Since the earth shook in Gujarat on 26 January, entombing thousands of people and leaving hundreds of thousands more homeless, the flow of aid into the region has swelled from a trickle to a flood. International organisations have brought in tons of supplies and hi-tech equipment; the Indian administrative machine is slowly - too slowly, many complain - getting itself into gear.
The man who can almost certainly claim to have helped more earthquake victims more quickly than anyone else, however, is neither a Western aid worker nor a local official, but an orange-robed sadhu, or Hindu monk, born in Leicester. "I am not permitted to tell you my former name," says Swami Brahmaviharidas ("quite a mouthful," he admits), but one could probably find it in back copies of the Leicester Mercury. He gained 12 As at O-level, and was accepted to read medicine at Oxford, but decided instead to return to his Indian roots.
The sadhu and a few helpers arrived in Bhuj the night of the quake, to find 200 people huddled in the yard of the local temple. "They had no light, food or water," he says. "Everyone was scared, including the local monks. We decided to serve tea each time there was a shock, just to give them comfort. That night we had to do 14 rounds."
The spiritual movement followed by Swami Brahmaviharidas emphasises practical good works to a degree considered unusual in Hinduism. Founded in Gujarat by the 18th-century guru Swaminarayan, it has been carried by the Gujarati diaspora to East Africa, the US and Britain, where the huge temple in Neasden, north London, is its principal European outpost. When disaster strikes it can call on hundreds of unpaid helpers and a rush of money from overseas donors.
The day after the quake, Swaminarayan followers served 5,000 people with hot meals. A week later, they are feeding 30,000 people a day. In a middle-class area called New Bhuj, trucks come and go with supplies for outlying areas, rice and vegetables are being cooked over open fires, makeshift shelters have been put up for the homeless and people are queuing to get food and water.
"This is very efficient, because we have zero administrative costs," says Swami Brahmaviharidas. "As locals we understand things foreign agencies might not - we have created a space for family gatherings, for example, because of the importance of family ties in Indian society. You must meet people's spiritual needs as well as their material ones."
All the time we are talking, men are coming up to touch his robes in reverence. The wife of a Bombay tycoon has come with an offer to donate prefabricated homes. "I cannot speak to her, because she is a woman, but tell her we will look into it," he says. Despite his relative youth and humble appearance, he clearly carries authority. Someone else brings him a letter about relief arrangements from India's ruling Bharatiya Janata Party, and two army officers arrive to discuss getting aid to villages along the nearby border with Pakistan.
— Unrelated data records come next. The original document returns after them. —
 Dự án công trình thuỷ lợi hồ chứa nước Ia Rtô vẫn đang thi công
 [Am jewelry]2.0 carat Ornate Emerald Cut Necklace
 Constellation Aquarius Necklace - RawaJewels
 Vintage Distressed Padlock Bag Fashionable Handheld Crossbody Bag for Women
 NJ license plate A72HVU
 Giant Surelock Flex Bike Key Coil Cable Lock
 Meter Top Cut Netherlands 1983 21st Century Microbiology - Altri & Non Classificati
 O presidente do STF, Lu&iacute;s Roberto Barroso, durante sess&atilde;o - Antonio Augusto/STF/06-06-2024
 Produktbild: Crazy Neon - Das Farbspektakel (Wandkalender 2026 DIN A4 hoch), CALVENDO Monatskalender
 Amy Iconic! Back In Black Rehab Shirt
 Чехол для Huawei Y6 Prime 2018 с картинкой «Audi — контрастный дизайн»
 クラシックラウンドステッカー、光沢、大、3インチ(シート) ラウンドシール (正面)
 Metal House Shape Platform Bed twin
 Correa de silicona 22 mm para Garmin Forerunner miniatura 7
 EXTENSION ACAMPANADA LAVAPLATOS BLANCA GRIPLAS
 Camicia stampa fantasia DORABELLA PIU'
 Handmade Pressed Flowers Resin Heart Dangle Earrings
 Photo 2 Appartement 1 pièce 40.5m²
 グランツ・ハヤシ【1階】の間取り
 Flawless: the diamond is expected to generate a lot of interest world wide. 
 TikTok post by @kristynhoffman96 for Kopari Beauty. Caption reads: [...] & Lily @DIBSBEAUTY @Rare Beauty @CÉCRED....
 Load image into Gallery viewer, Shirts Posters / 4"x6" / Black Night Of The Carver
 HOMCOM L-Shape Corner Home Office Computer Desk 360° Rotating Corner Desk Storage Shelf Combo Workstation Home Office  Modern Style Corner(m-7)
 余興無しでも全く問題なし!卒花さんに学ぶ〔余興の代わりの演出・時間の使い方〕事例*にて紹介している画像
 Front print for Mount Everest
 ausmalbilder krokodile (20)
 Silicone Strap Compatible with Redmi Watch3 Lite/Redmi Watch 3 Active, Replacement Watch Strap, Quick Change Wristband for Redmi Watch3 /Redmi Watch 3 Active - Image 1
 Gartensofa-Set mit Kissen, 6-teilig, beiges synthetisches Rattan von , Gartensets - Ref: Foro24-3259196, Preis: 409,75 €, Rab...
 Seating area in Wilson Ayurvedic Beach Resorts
"There are enough doctors and medicine, but we desperately need tents, as well as wheat and millet flour and rice," says Swami Brahmaviharidas. A veteran of floods around India, as well as the aftermath of the US embassy bombing in Nairobi, he is already thinking about the next phase. "We want to create a tent city. In the past when a village has been destroyed, we have rebuilt everything, and we will do that here."
All this is in stark contrast to the response of the Indian authorities, who "are not co-ordinating themselves", in the monk's words. In an accent that mixes his years in India with his Leicester upbringing, he also has an admonition for the international bodies that have rushed in to help. "This should not be a hit-and-run operation," he says. "You must camp here for at least six months. That is what we will be doing."